__DIRECTIONS__. Copy out the listing in full, exactly as written, but not its pictures.

═════ SUPPLIED MATERIAL ═════

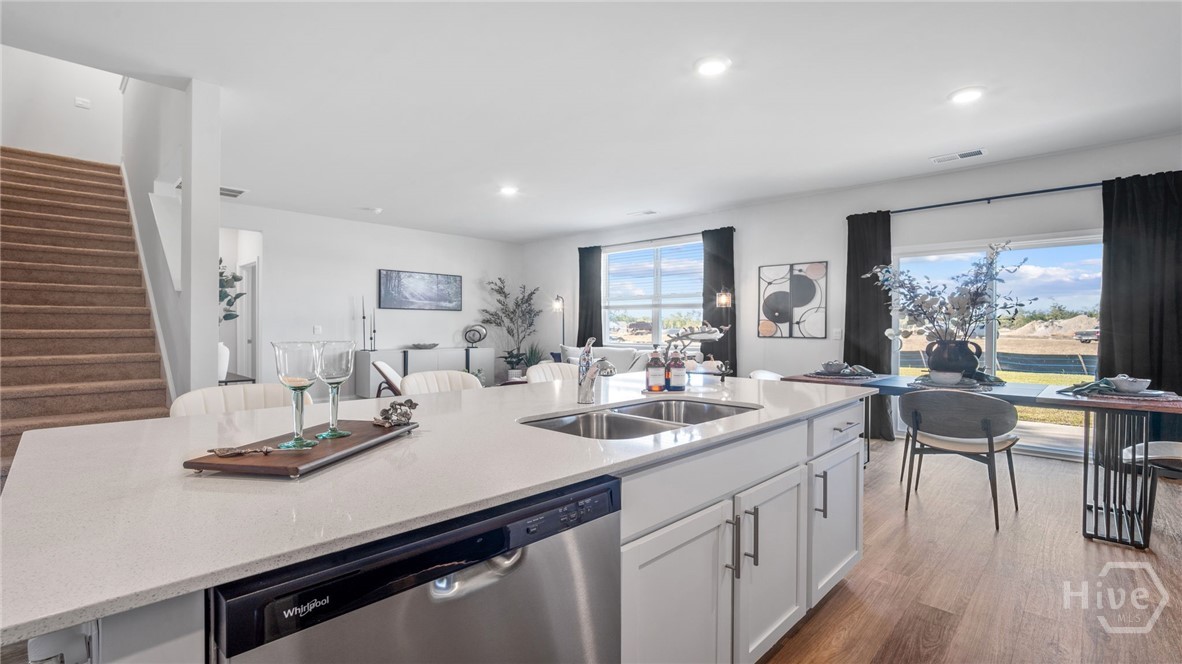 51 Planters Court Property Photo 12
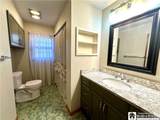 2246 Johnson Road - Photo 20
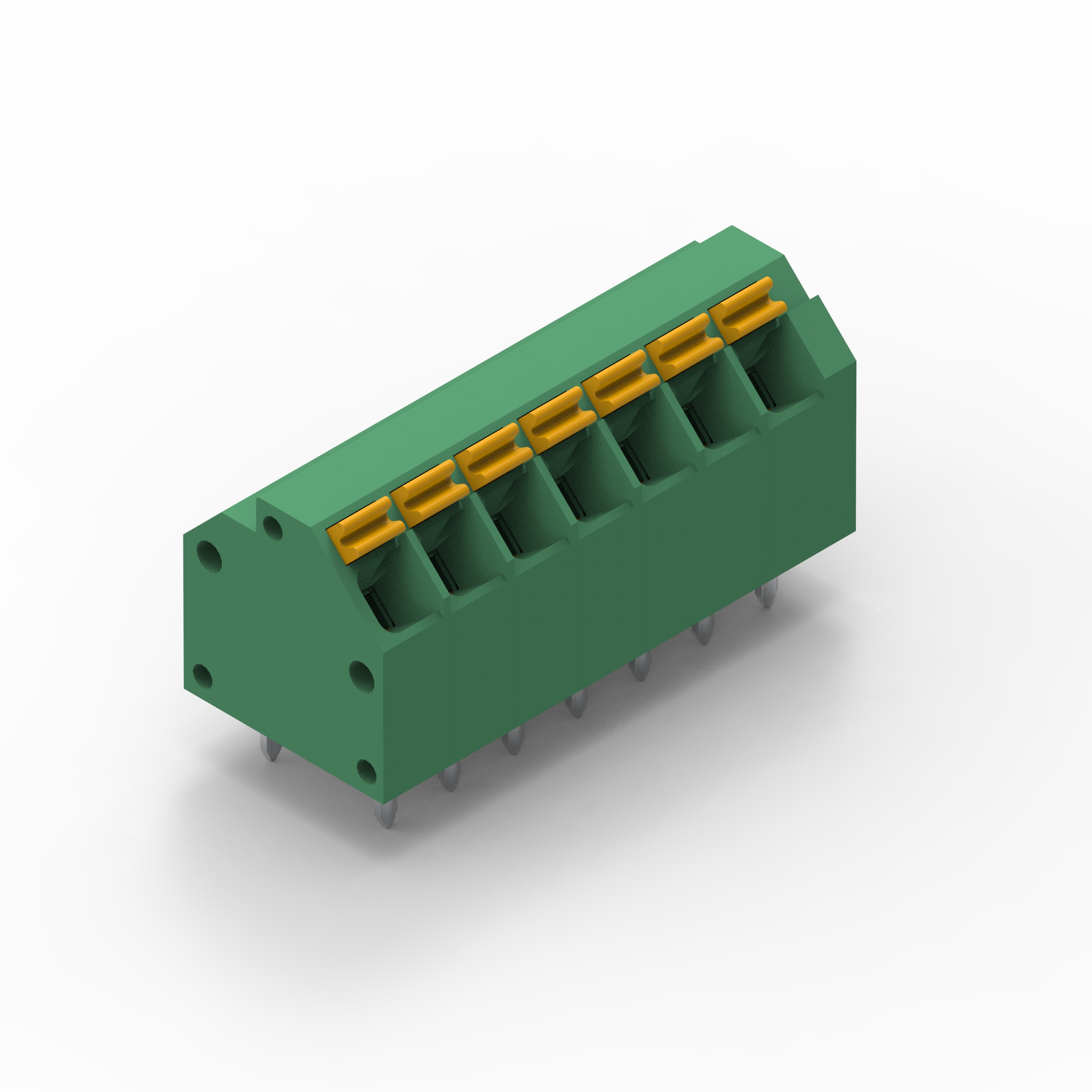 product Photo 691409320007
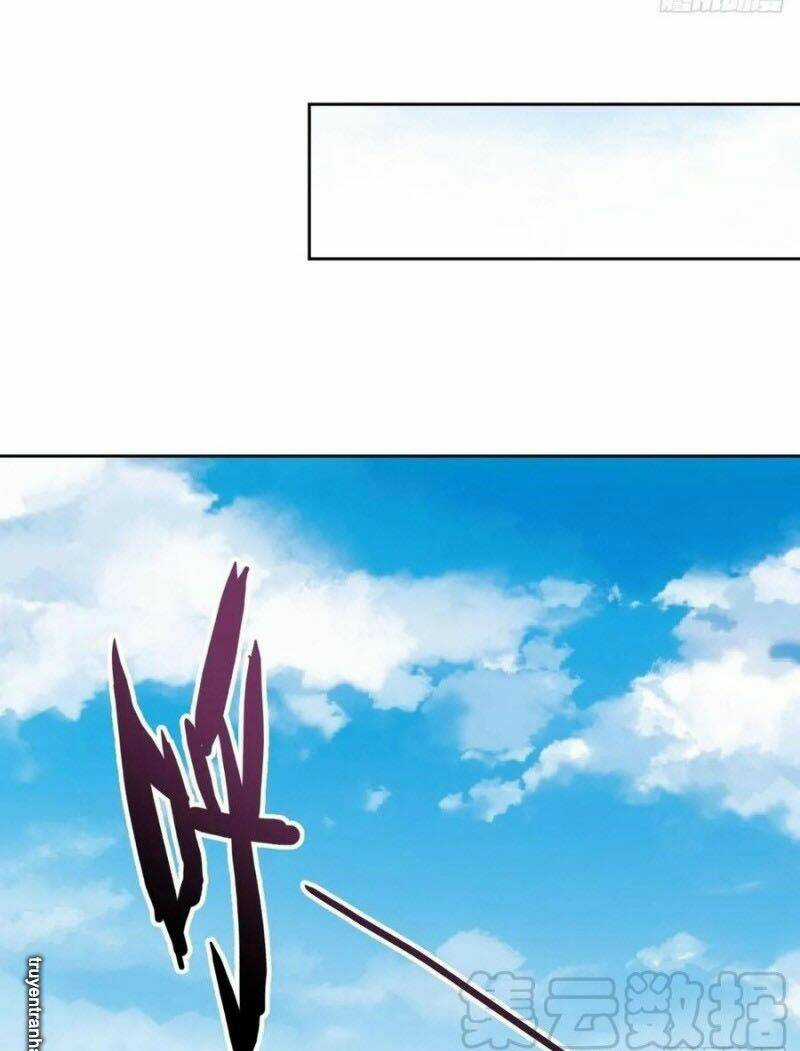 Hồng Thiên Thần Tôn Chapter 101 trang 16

═════

__OUTPUT FOR THIS TASK__.
 51 Planters Court Property Photo 12
 2246 Johnson Road - Photo 20
 product Photo 691409320007
 Hồng Thiên Thần Tôn Chapter 101 trang 16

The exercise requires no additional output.